Loving God will always bring you to Him, but thinking about God at best brings you to the threshold of love, at worst locks you into a mental prison.
The invisible God becomes visible through love, but the visible God, our brother and sister, can become invisible through doctrine.
What is ‘the first and great commandment’? And what is ‘the second, that is like unto it’? And on what hang ‘all the Law and the Prophets’?
‘With the fear of God, with faith and love, draw near!’ intones the priest or deacon, announcing the readiness of God to receive us unto Himself in the Holy Mystery of His divine and life-giving Passion, fed to us spiritual infants on golden spoons. ‘You have only to open your mouth, for Me to fill it,’ says the Lord Almighty through His holy prophet, the psalmist. And, ‘precious in the eyes of God is the death of His saints.’
Yes, with fear, that is, utmost respect, even awe, approach God in your brother and sister.
Yes, with faith and love, trusting in the One who upholds all faithfully and who loves both you and them with an unconditional mercy.
We can do no more and no less than what we see our Lord and Savior Jesus Christ doing every moment of every day, not just in His ‘little Book’ the written scripture, but also in His ‘great Book’ the world.
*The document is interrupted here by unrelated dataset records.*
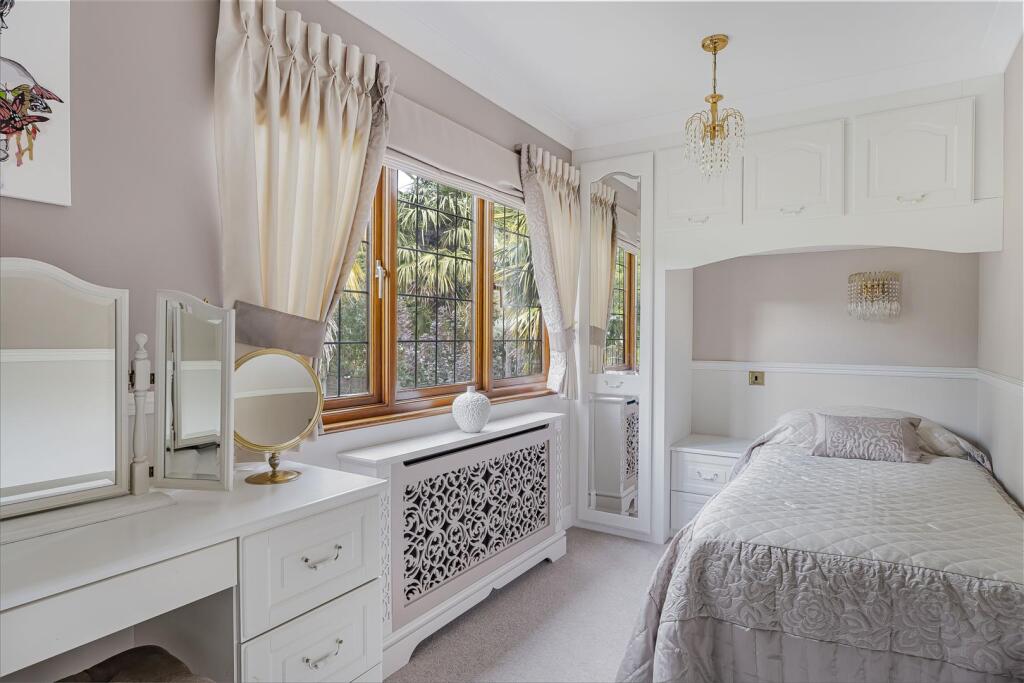 Additional image 17 of Robbery Bottom Lane, Welwyn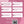 Charger l'image dans la galerie, Pink Cow Kindle Decals Skins Full Wrap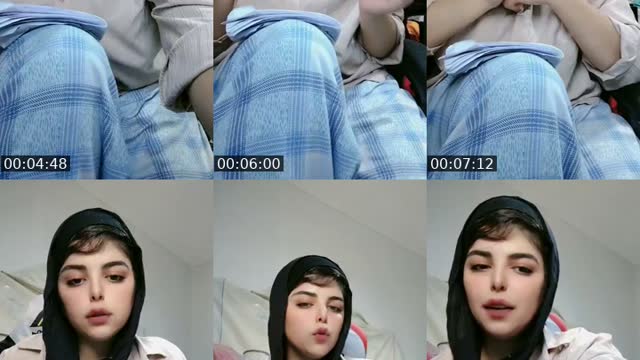 @hage.r3885 TikTok live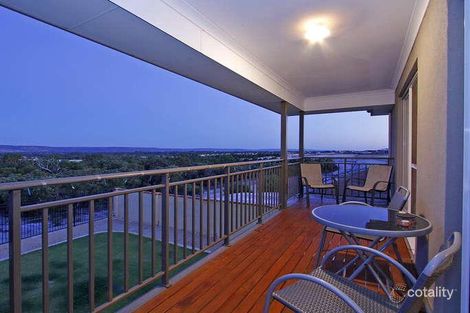 Property photo of 27 Ardmore Parade Ellenbrook WA 6069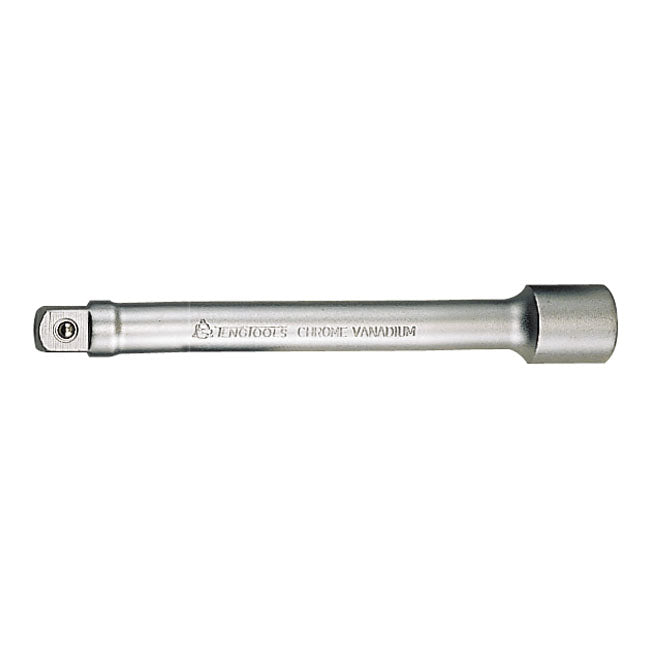 Tengtools Extension Bar 2 1/2"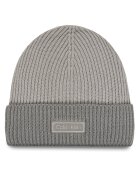 Calvin Klein Căciulă LV04D8029G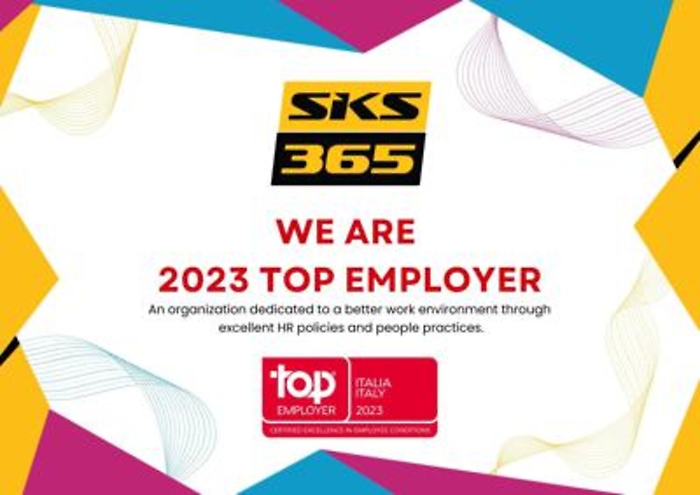 LAB20230117140604_1673962536423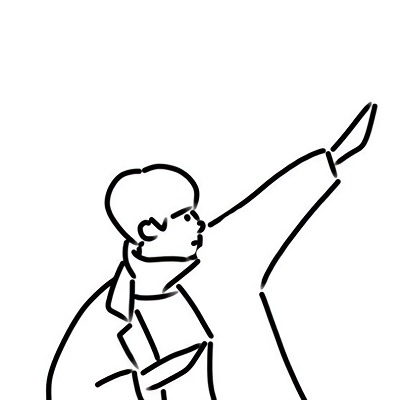 discusser-avatar
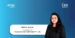 Neha Ojha Joins Hitachi Payment Services As Assistant Vice President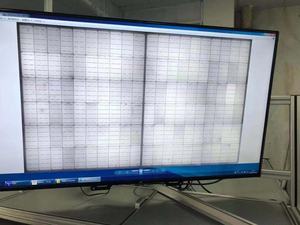 Panel Solar de media célula 650Wpanel, fotocélula Helf Solceller 320, 400W, Panasolar, sartén Solar, 600W, Mono - Product Image 6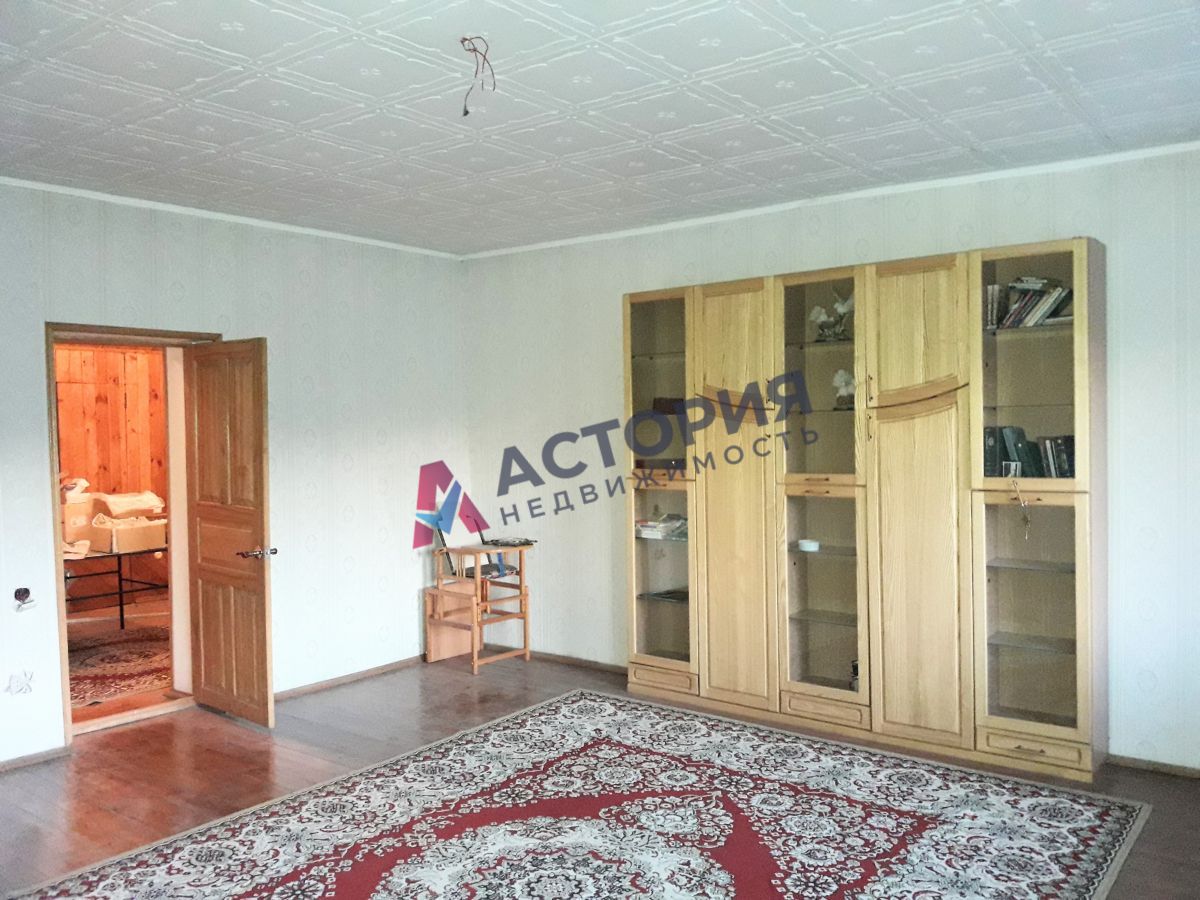 Петелино, 463.80 кв.м., 17 сот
Archimandrite Vasileios writes,
How frequently the Lord would stop people who wanted to start a ‘theological’ conversation with Him. They ask, ‘Will those who are saved be few?’ and the Lord replies, ‘Strive to enter by the narrow door’ (Luke 13:23-24).
Again, with the Samaritan woman who is surprised when the Lord asks her for water, and explains her surprise, ‘For the Jews have no dealings with the Samaritans’ (John 4:9), Jesus cuts short her comments on the relations between the religious communities with the command, ‘Go, call your husband’ (John 4:16). In a moment He leads the conversation into the field of personal life, of true theology.
In every case He is interested in the person, not in theological discussion as an isolated occupation remaining out of touch with life and with the very person who is speaking. ‘I seek not what is yours, but you’ (2 Corinthians 12:14), says Paul; I seek the person and his salvation.
Therefore, while the Jews of Christ’s day were so eager for theological discussions, He let them go unanswered; ‘But He was silent.’ For He did not come to discuss, He came to seek out and save the one that had gone astray (Matthew 18:11). He came and took on our whole nature. He entered into us, into the shadow of death where we are, and drew us to the light. We passed into His life: we live in Him.